Springbank – the only distillery in Scotland using exclusively its own malted barley – won the “Distillery of the Year” award at the Milan Whisky Festival due to its “craft” character. Meanwhile, the 16 yo “Local barley” won the gold medal at the same event. “Local barley” used to be a historical serie of malts distilled in 1965 and 1966 and bottled in the ‘90s (some of them are up for auction at 4000 euro): you can see here those wonderful labels… The experiment of using only local barley was repeated in September 1999, when Springbank distilled Prisma barley grown by Low Machriemore Farm, near Campbeltown, South Kintyre. The spirit was matured in a mix of ex-bourbon (80%) and ex-sherry (20%), and it was bottled last year. The bottles have been raided and now it’s difficult to find any at less than 200 euro. We thank Milano Whisky Festival and Beija Flor – the Italian importer – for opening one.

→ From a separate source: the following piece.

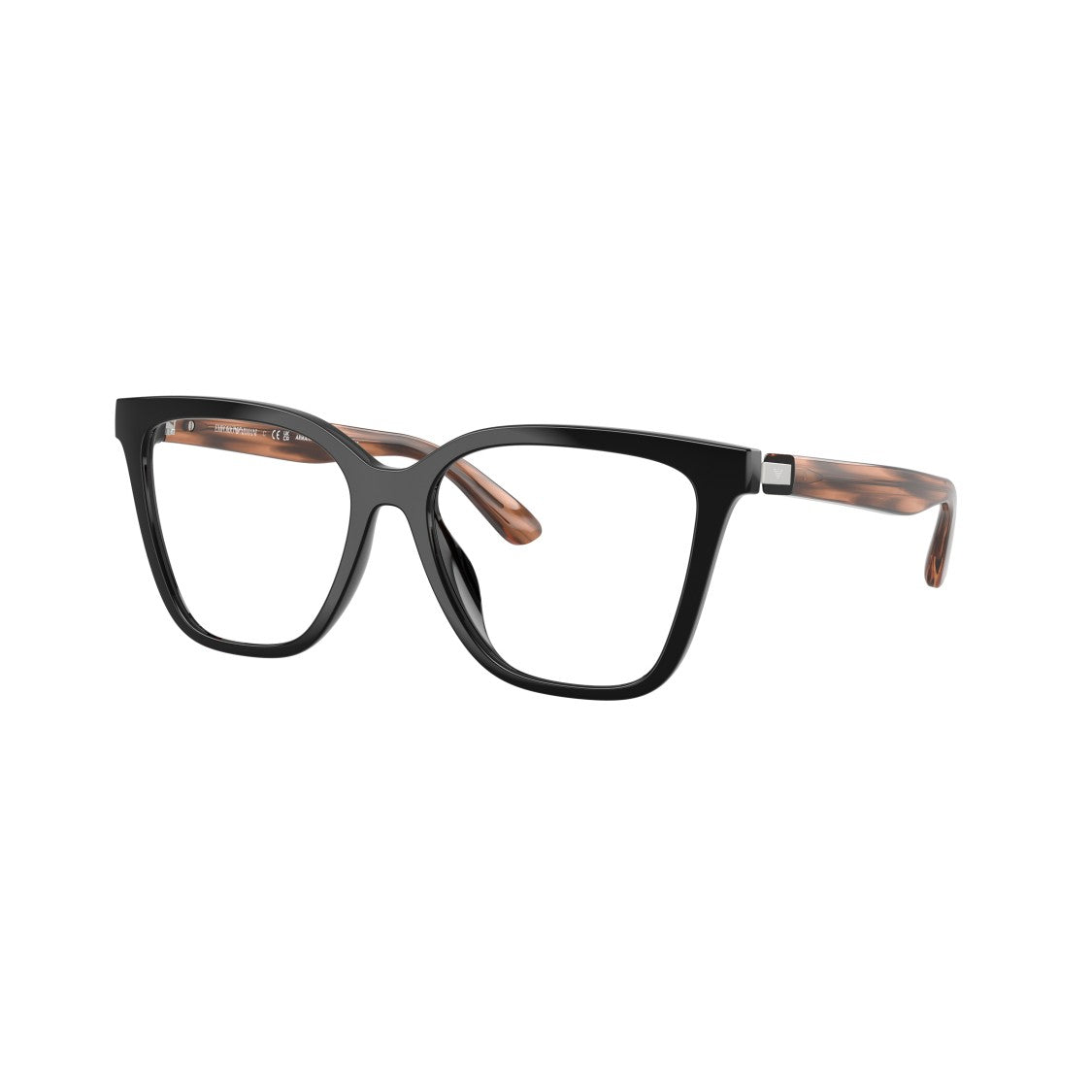 Emporio Armani 0Ea4254u Bold Cat-Eye Sunglasses With Tortoiseshell Temples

N: the first thought is that the time spent in the barrel has not affected the spirit so much. Is this a blemish? Not a chance, because when oak allows the Springbank spirit to speak, it’s always a good thing. As it would be clear from the labelling, there’s plenty of cereal: malting floor scent, ears of barley under the sun and even some biscuits. Is it outrageous to mention a farmy side? No way. This countryside style is balanced by brine and green olives, that remind us the air we used to breath when we were in Campbeltown. Later, a powerful layer of peaty smoke, with all the minerality you might imagine (earth, wet wool). With time, it shows also a fruity dimension, never too pushy, with apricot, peach and orange.
P: take the rich and expressive nose and amplify it for two, three, four times… The sweetness on the palate is suddenly evident, more compact: peach suggestions, ripe yellow fruit and a hint of tropical. The orange literally explodes, with its almost-rotten zest which leads us to the “Springbank side of the moon”: starch, brine, rocks and a note at the edge of sulphur (that overripe orange…), with candle smoke and sea water. The peat increases towards the end…

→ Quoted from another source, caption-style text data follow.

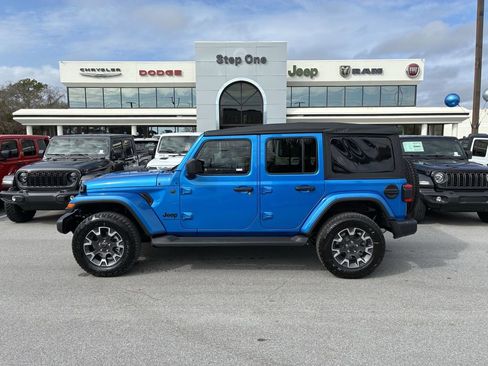 New 2026 Jeep Wrangler Sahara image 8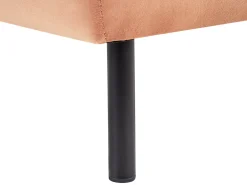 Sohvat<Beliani Divaani Sametti Vasenk. Persikka Le Crau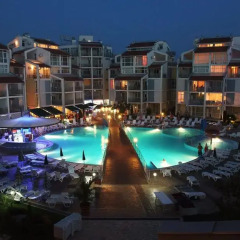 Отель Aparthotel Elit 2 Болгария, Солнечный берег - отзывы, цены и фото номеров - забронировать отель Aparthotel Elit 2 онлайн бассейн фото 3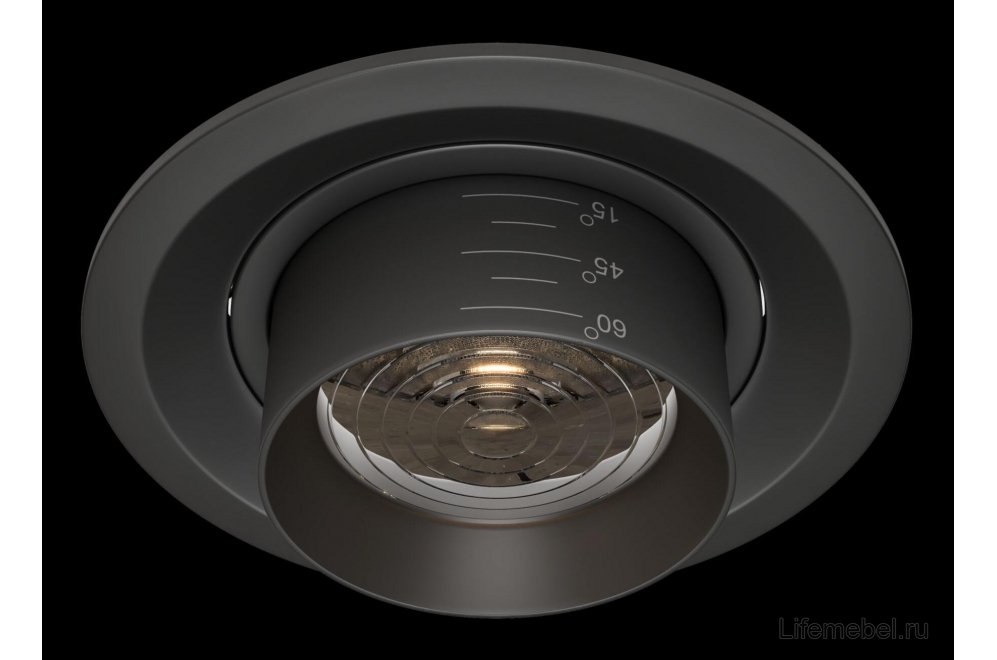 Встраиваемый светильник Elem DL052-L12B4K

F: …finishing in a real, proper smoke, blended with all the former suggestions. The sweetness here is a pure memory.
Excellent, intriguing, challenging (it was the most beloved at the MWF tasting, that’s proving simpler things are not always the most popular choice). A whisky-tribute to the cereal and to the unique style of a distillery that waves its stubborness as a flag: 91/100, mixing intensity and austerity, seduction and rebelliousness. Very well indeed.
Recommended soundtrack: Motorhead – Enter Sandman, Metallica cover.